| TASK PROMPT |
Your output must be the lines below from the line containing "Siemens MINIZED, Switch" to the line containing "tvättnätpåse, anti-deformations tvättpåse", both lines included, reproduced exactly and without pictures.

| DATA SHOWN |
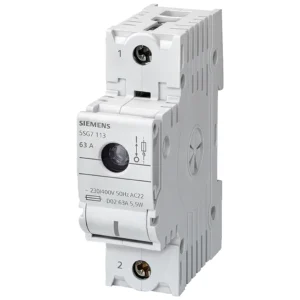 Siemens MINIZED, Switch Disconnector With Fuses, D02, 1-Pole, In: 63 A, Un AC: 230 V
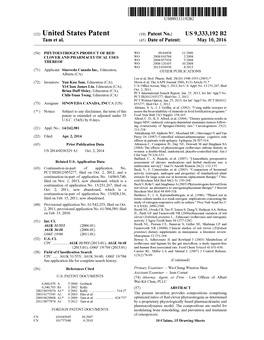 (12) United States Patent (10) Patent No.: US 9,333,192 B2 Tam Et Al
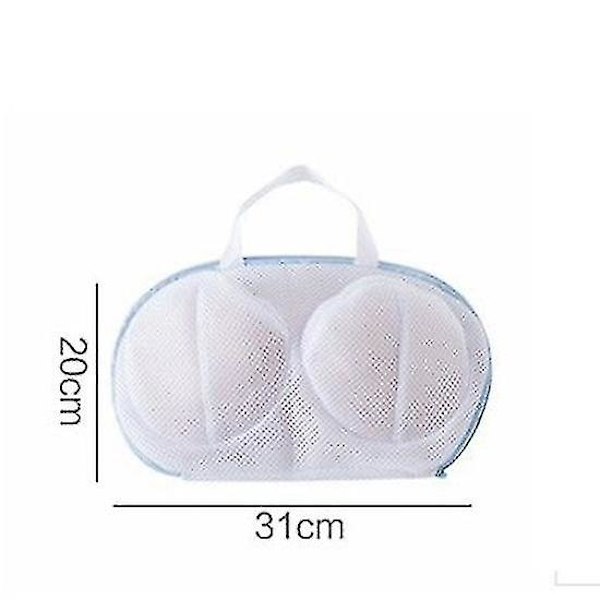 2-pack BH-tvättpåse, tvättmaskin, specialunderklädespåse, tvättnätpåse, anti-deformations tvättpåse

--

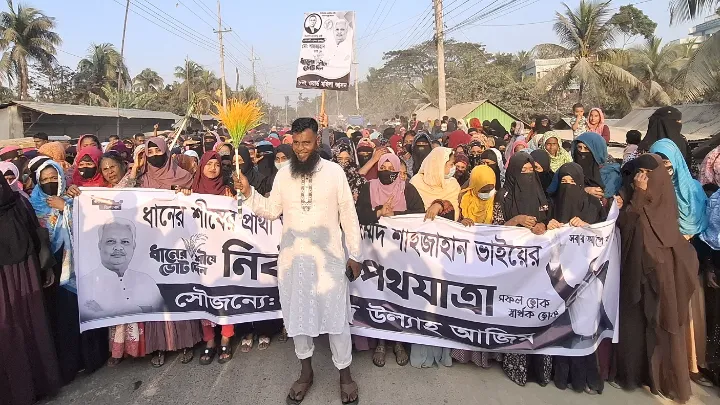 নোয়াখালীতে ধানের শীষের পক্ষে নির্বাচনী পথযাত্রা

| ANSWER BOX |
 Siemens MINIZED, Switch Disconnector With Fuses, D02, 1-Pole, In: 63 A, Un AC: 230 V
 (12) United States Patent (10) Patent No.: US 9,333,192 B2 Tam Et Al
 2-pack BH-tvättpåse, tvättmaskin, specialunderklädespåse, tvättnätpåse, anti-deformations tvättpåse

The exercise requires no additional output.